Keywords: Dynamic fluoroscopy, X-ray barium fluoroscopy, swallowing disorders, interframe difference algorithm, background subtraction algorithm.

1 Introduction

Swallowing is not an arbitrary activity, but a complex reflex involving simultaneous and sequential contraction of the muscles of the mouth, pharynx, larynx, and esophagus [1–4]. Dysphagia is an eating disorder known to result from the smooth functioning of the jaw, lips, tongue, soft palate, throat, esophageal mouth sphincter, or esophagus. Typical manifestations are: (1). Mouth control ability and food chewing ability are weakened, swallowing reflex is delayed; (2) after swallowing, there is residual food left in the pharynx; (3) before, during or after swallowing, residual food is inhaled into the organ [5].

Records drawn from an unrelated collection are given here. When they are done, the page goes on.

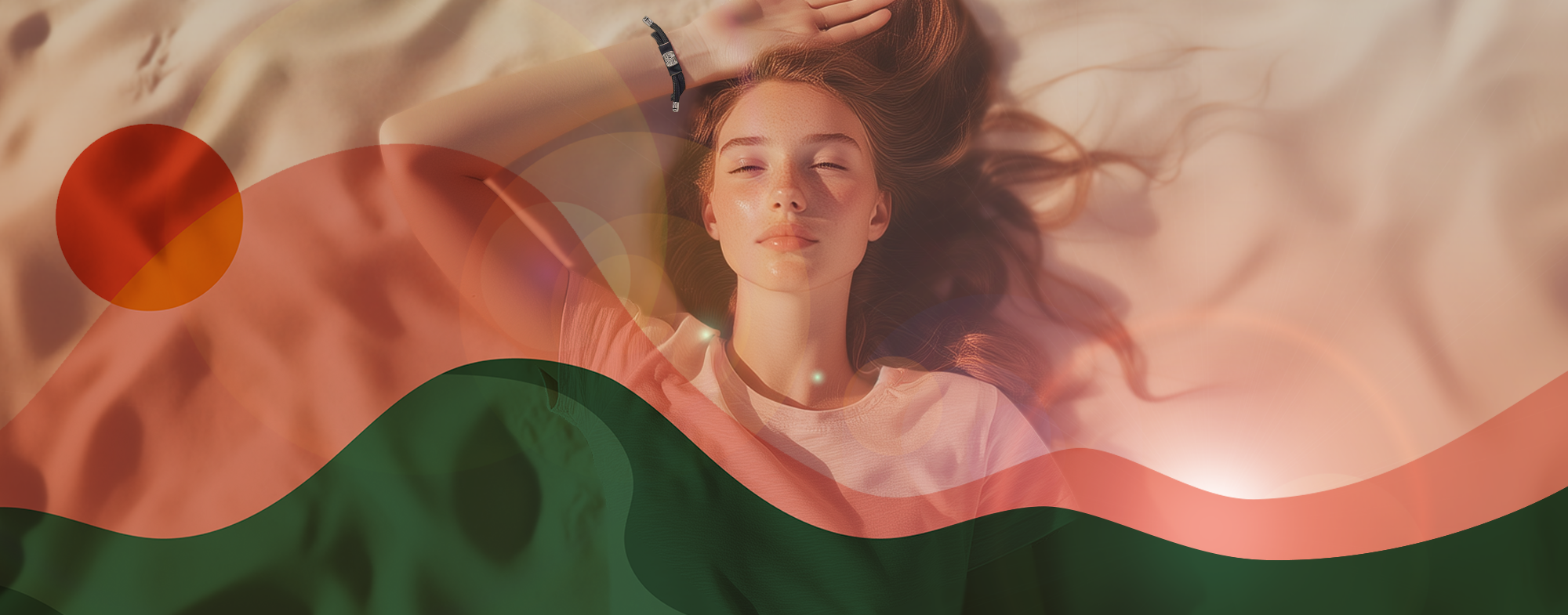A young woman lies on sand with eyes closed, sunlight on her face. Abstract red and green wavy shapes and a red circle overlay the image, giving a dreamy, artistic effect.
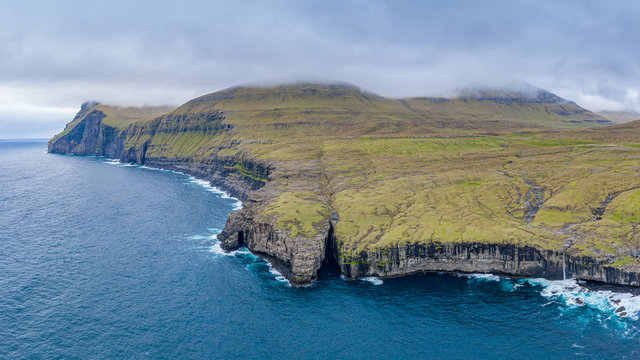 Eidi cliffs aerial view in Eysturoy island, Faroe Islands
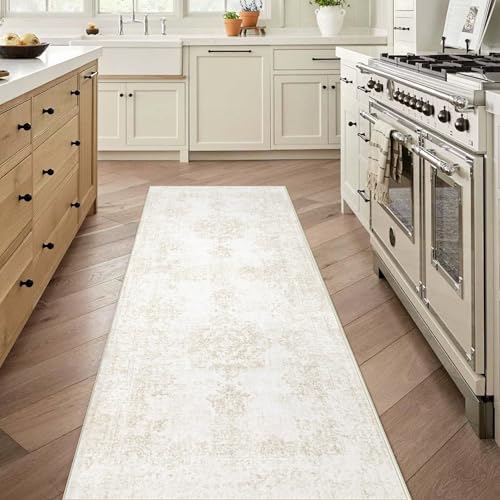 Runner Rug 2x6 Entryway Rug - Machine Washable Vintage Boho Area Rug Non-Slip Kitchen Runner Soft Stain Resistant Runners for Hallways Entryway Laundry Kitchen Bathroom Bedroom(Ivory, 2'x6') - color: Ivory, size: 2' X 6' (Rectangular)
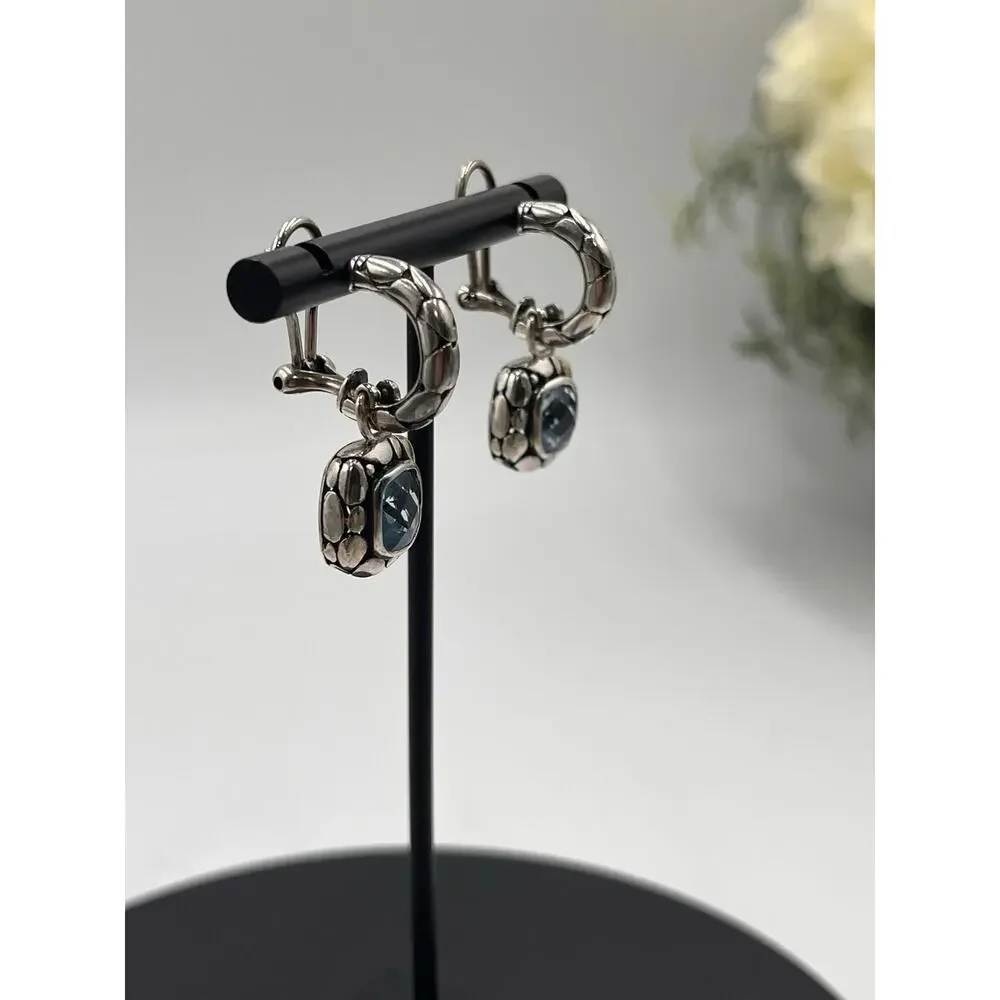 Sterling Silver 925 Faceted Blue CZ Bali Style Hoop‎ Dangle Earrings
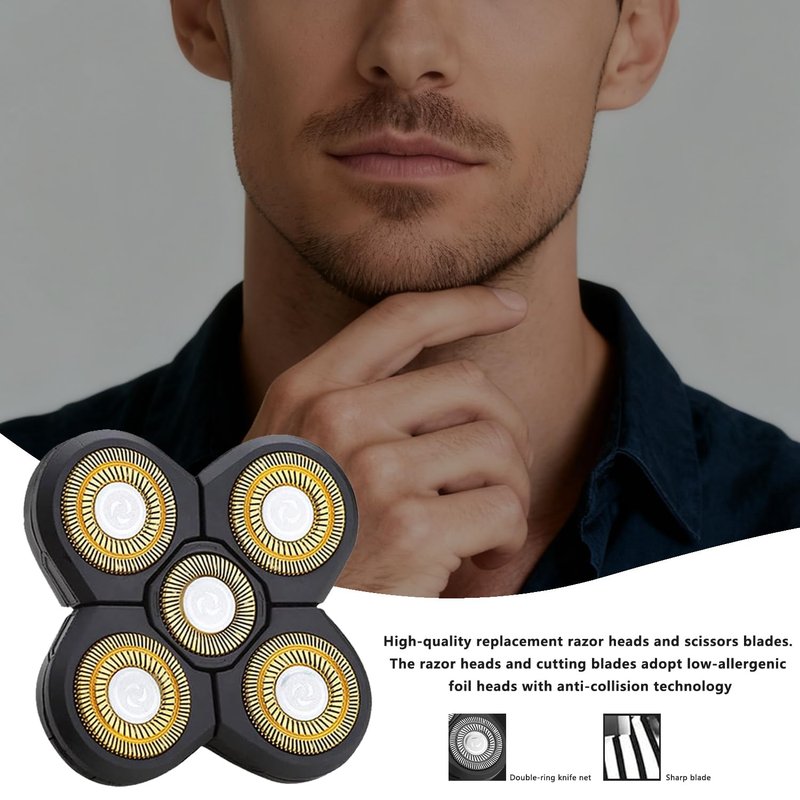 3 PCS Universal 5 Blades Head Shaver Replacement heads for Freebird Head shaver and Other Brand shaver Black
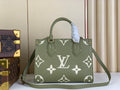 Two-Tone Monogram Print Tote Bag in Khaki Creme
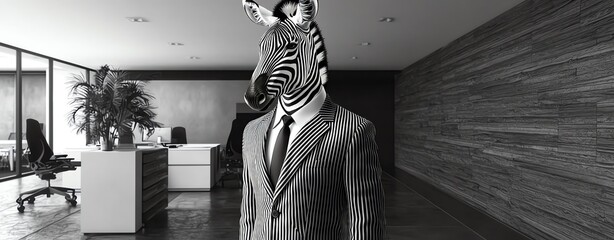 A surreal image of a businessman with a zebra head, blending nature and corporate environments in black and white.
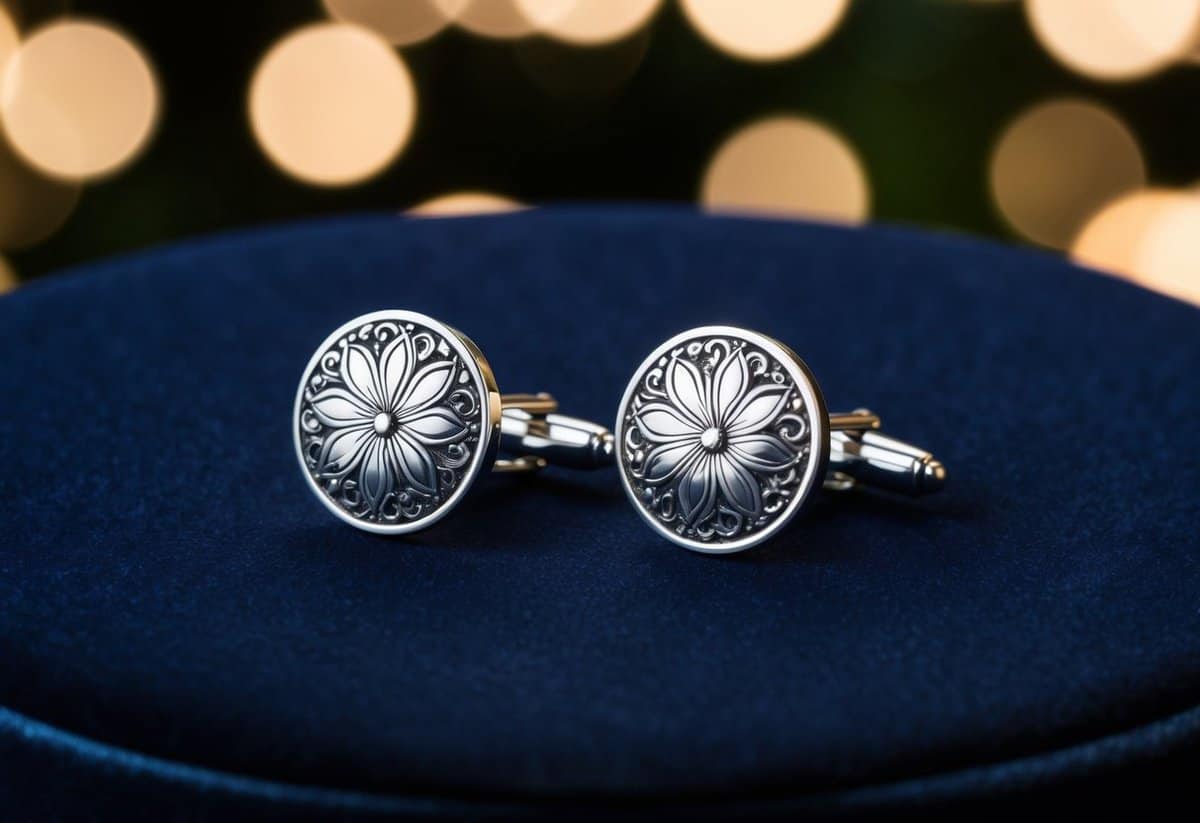 A pair of silver cufflinks with intricate floral designs, set against a dark velvet background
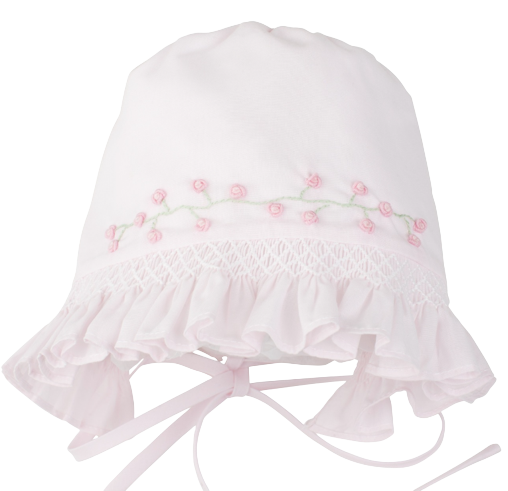 Girls Rose Garden Smocked Bonnet, Pink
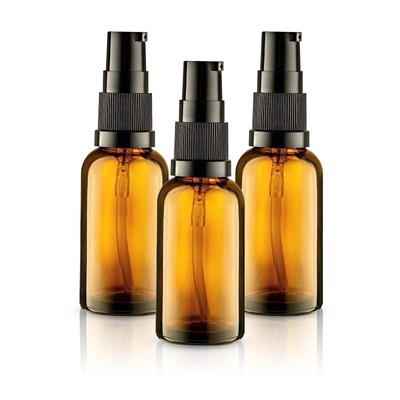 3 Pack Empty Refillable Glass Amber Pump Bottle Ideal for Lotion Cream Essent...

The study of swallowing X-ray fluoroscopy (barium fluoroscopy) is the “gold standard” of dysphagia [6]. Therefore, in order to detect whether there is the phenomenon of aspiration during swallowing, often in together with the clinical doctors in professional barium perspective tests of barium swallow instrument, observe the upright position, different concentrations of barium swallowing mouth and esophagus, to remove the potential impact of swallowing function of the esophagus, and whether there is any aspiration to hide organ dysfunction of the trachea.

The pharyngeal period is a critical period in the swallowing process, and abnormalities can cause serious medical complications, such as aspiration pneumonia or asphyxia [7]. Dysphagia occurs in 30% $\sim$ 50% of the elderly (60 years old), 30% $\sim$ 65% of stroke patients, and 40% $\sim$ 90% of Parkinson’s patients [8, 9].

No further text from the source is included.